Anlässlich des 150-jährigen Jubiläums der Wiener Weltausstellung beleuchtete das Technische Museum Wien einen bisher wenig beachteten Aspekt des historischen Großereignisses: Denn mit der erstmaligen Errichtung eines „Frauenpavillons“, in dem Frauenarbeiten präsentiert wurden, schrieb die Wiener Weltausstellung 1873 Geschichte.
Der damals völlig neue Ausstellungstyp fand fortan internationale Nachahmung und leistete Pionierarbeit im Sichtbarmachen der weiblichen Arbeitswelt. Diese Tradition hält sich bis heute — zuletzt auf der Expo 2020 in Dubai, demnächst in Osaka 2025. Den roten Faden von 1873 bis in die Gegenwart bildet der Ruf nach Gleichstellung von Mädchen und Frauen in Bildung, Arbeit und Familie.
Frauenarbeiten vor und hinter dem Vorhang
Zur Durchführung der Ausstellung im „Pavillon für Frauen-Arbeiten“ formierte sich in Wien 1872 eine „leitende Central-Commission“. Sie setzte sich aus 20 Männern und 32 Frauen aus Adelskreisen und dem liberalen Bildungsbürgertum zusammen. Viele der beteiligten Frauen engagierten sich ehrenamtlich im Wiener Frauen-Erwerb-Verein und waren Vorkämpferinnen für das Recht auf Ausbildung und Berufsvorbildung für Frauen.

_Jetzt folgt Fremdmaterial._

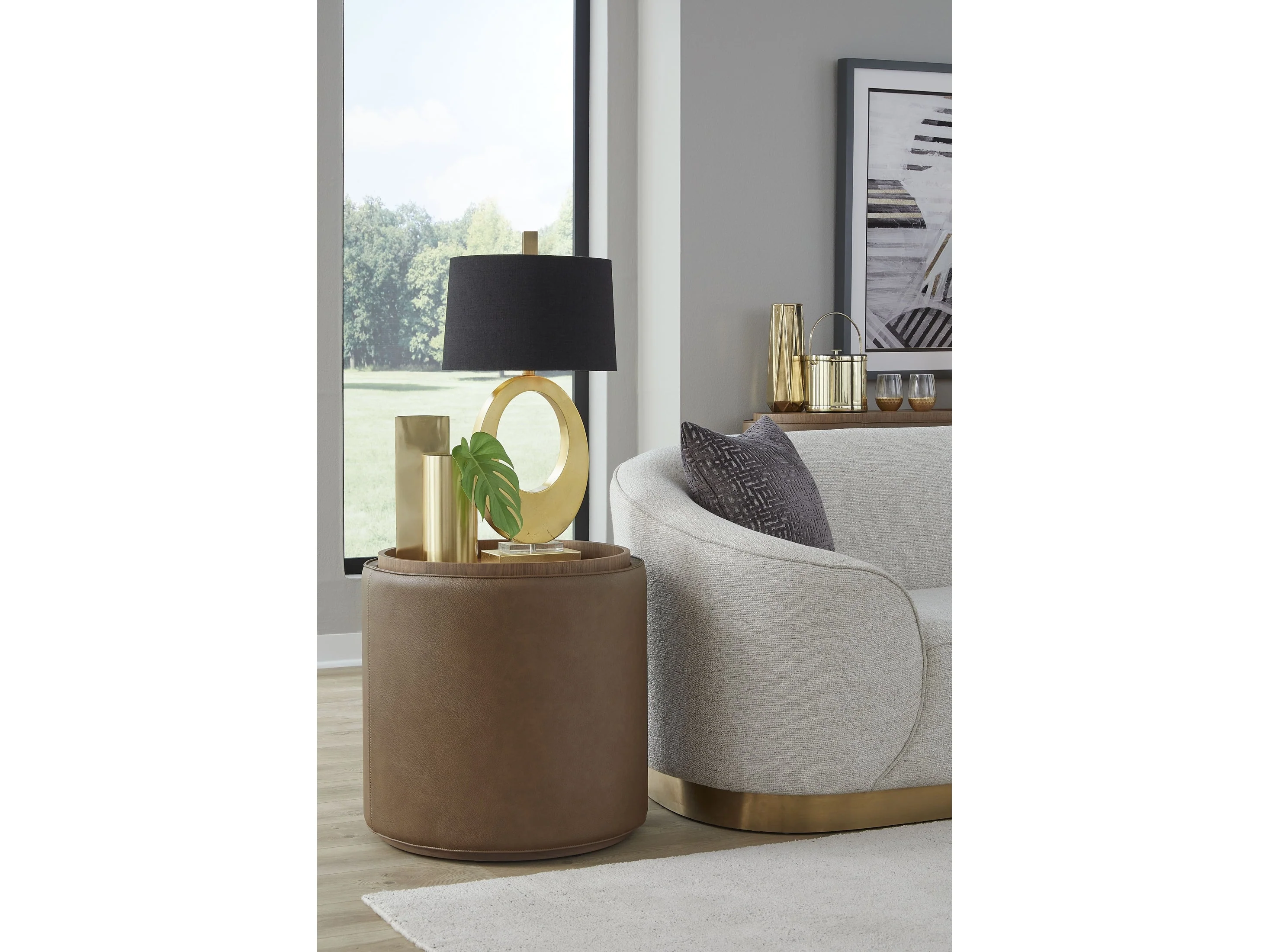 Yeal Sahara Leather Upholstered Storage End Table with Wooden Tray Top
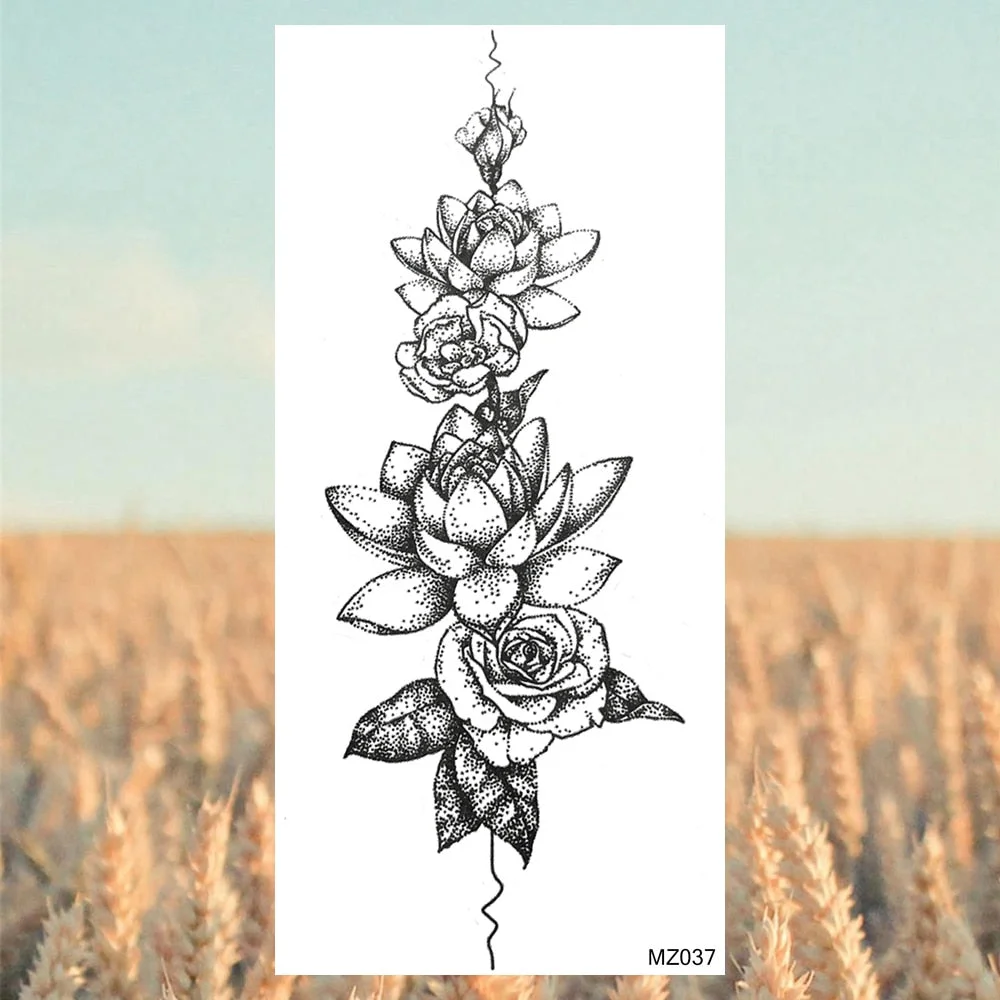Black Lotus Pendant Temporary Tattoos For Women Adult Rose Flower Jewelry Fake Tattoo Fashion Calf Waterproof Half Sleeve Tatoos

Der Ausstellungsbereich „Nationale Hausindustrie“ überraschte vielleicht weniger – zeigte er doch traditionell weiblich konnotierte (textile) Handarbeiten. Die konzeptionelle Entscheidung zum Bereich „Frauen-Arbeit in der Grossindustrie“ jedoch war aufsehenerregend, denn zum ersten Mal wurden auch weibliche Erwerbsarten in den unterbürgerlichen Schichten thematisiert. Für die Mehrheit der bürgerlichen BesucherInnen war Frauenarbeit in der Industrie damals etwas völlig Unbekanntes und so erfuhren sie erstmals mehr über den Alltag von Arbeiterinnen in unterschiedlichsten Produktionszweigen wie Landwirtschaft, Leder-, Kautschuk-, Metall-, Holz-, Stein-, Glas- und Papierindustrie, Nahrungs- und Genussmittelerzeugung, chemische Industrie, Maschinenwesen, Transportwesen, Kommunikation, Bau- und Zivilingenieurswesen sowie in der Fertigung von wissenschaftlichen und musikalischen Instrumenten. So diente der Frauenpavillon auch der Vermittlung und Vernetzung innerhalb der Frauenschaft und förderte das Verständnis für die Arbeitsbedingungen und Bedürfnisse von Mädchen und Frauen aller Schichten.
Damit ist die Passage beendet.